3. In experiment P001 attempted to duplicate and experiment by tracing over the initial experiment’s graph. First we analyze the graph, and determined the starting point to be .4m. It is plateau at .4m, which indicated that the object is stationary. Then the distance increased at a certain velocity, and again plateaus at around 2.7m. With this information and the use of trail and error, we were able to reproduce the experiment with close degree of accuracy. In figure 14, the graph appears to quite similar to the original graph, with a chi-square of .085342. However we were able to improve the chi-square in figure 15 to .060071. The difference between the two graphs is very interesting because although figure 14 looks better than figure 15, figure 15 has more accurate points, and thus is a better reproduction of the experiment. Thus proving that looks can be deceiving, and analysis of a graph can’t a superficial glance at a graph, but also a more in depth look at the data.

Figure 14


Figure 15

Conclusions:
This experiment showed that at different frequencies, the range of measurement different. Hence the lower the frequency the longer the distance that could be measure, because the difference between burst was longer. Also, the motion sensor experiment has showed that one can’t take the data result at face value. One must not only analyze the graphs, but also determine what they mean. A graph may seem to show the distance of an object, however in reality, a slight aberration that could easily be over looked, may have important meaning. Although a graph may continue to increase as the object increases after a spike, this does not mean that it is a correct distance. A spike is an indication that the object is out of range, that the first burst is being reflected back after the second had been emitted, creating faulty data if interpreted wrongly. Thus once a spike occurs, we determined that at this point is the maximum distance the motions sensor can measure. In addition, when the graphs each experiment we look into closely, we noticed that there were several small aberrations, even though the digital meter may have output a consistent number. This shows that the graph may seem accurate; there may be slight discrepancies. However for the most part, the motion sensor measures distance within acceptable parameters.

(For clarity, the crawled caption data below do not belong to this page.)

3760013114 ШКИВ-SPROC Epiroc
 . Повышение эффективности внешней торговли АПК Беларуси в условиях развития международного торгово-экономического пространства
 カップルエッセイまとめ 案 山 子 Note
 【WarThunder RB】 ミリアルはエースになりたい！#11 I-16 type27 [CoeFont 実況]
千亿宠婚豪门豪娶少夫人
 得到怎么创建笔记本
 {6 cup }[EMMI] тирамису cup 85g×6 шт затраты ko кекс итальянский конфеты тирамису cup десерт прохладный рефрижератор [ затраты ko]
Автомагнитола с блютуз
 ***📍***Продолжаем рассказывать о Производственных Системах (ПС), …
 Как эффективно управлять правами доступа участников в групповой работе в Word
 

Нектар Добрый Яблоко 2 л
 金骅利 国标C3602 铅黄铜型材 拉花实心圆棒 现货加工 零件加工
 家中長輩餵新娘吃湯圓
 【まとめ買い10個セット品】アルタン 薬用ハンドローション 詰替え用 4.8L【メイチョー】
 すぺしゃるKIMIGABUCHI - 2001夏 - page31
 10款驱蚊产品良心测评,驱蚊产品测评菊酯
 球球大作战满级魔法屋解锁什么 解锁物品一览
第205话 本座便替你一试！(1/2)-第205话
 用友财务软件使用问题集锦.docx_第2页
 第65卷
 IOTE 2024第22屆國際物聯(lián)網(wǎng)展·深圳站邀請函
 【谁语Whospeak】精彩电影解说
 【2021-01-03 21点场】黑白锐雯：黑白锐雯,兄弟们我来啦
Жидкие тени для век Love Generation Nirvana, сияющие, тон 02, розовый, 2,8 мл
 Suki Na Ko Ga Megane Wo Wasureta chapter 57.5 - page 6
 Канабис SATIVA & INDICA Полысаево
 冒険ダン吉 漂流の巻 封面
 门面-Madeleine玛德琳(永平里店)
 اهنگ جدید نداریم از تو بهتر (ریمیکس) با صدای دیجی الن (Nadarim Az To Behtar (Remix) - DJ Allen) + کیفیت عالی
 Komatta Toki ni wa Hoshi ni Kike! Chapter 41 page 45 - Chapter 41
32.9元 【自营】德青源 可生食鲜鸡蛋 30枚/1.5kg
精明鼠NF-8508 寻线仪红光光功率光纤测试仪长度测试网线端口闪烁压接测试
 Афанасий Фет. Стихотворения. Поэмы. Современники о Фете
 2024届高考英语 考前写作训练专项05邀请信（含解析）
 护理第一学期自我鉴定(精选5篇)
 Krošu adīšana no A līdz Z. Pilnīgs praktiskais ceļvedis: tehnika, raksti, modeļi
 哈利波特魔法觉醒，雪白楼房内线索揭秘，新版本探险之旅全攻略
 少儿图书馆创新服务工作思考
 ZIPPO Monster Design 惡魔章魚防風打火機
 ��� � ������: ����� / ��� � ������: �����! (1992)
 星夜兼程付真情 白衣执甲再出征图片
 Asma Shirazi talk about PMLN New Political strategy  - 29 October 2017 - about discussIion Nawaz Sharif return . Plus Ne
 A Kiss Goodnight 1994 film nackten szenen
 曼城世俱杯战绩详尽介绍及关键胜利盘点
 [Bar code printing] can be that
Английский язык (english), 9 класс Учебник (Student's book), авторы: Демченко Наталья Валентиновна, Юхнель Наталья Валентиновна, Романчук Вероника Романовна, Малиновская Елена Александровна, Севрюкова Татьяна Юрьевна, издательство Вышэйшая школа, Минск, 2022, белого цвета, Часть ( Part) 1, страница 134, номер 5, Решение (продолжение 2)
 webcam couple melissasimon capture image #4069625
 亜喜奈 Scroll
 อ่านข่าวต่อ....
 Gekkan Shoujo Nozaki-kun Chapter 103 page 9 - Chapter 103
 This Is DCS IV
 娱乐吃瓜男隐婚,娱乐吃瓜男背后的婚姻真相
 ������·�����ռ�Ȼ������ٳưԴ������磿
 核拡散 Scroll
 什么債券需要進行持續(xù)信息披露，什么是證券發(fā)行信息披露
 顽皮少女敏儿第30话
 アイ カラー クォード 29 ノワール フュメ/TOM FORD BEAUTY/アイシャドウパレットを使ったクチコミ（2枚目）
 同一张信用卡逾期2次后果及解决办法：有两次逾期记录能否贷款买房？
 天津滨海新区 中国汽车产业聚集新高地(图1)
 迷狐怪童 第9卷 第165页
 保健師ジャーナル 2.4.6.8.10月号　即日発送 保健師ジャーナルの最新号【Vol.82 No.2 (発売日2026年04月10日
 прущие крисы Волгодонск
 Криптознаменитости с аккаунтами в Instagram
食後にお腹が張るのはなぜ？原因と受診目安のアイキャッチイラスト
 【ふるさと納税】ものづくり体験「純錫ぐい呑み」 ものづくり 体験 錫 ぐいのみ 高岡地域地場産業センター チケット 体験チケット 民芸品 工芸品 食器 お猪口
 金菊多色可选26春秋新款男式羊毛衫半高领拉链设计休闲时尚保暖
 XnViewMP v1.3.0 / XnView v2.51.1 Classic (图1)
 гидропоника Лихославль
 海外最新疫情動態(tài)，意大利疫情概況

Also, after observing the velocity and acceleration graph while moving an object, I noticed that velocity was positive, when the object moved further away, and was negative when there was a decrease in distance. In addition, the acceleration was positive when the velocity increase, but was negative when it decreased.

Finally, errors occurred usually due to physical limitations, such as surround object interfering with reading the moving object, and the limited range caused by lack of height. Other errors included measuring the horizontal distance, when the sensor when the hypotenuse distance, and simple human error. However for the most part, this lab went smoothly as predicted.


Remarks:
This experiment was very useful in showing that error often occurs, and that one must closely analyze the data before coming to a conclusion. And although we never were able to determine why the experiment didn’t work the second day of class, I was thankful, that the experiment began to go well the follow lab.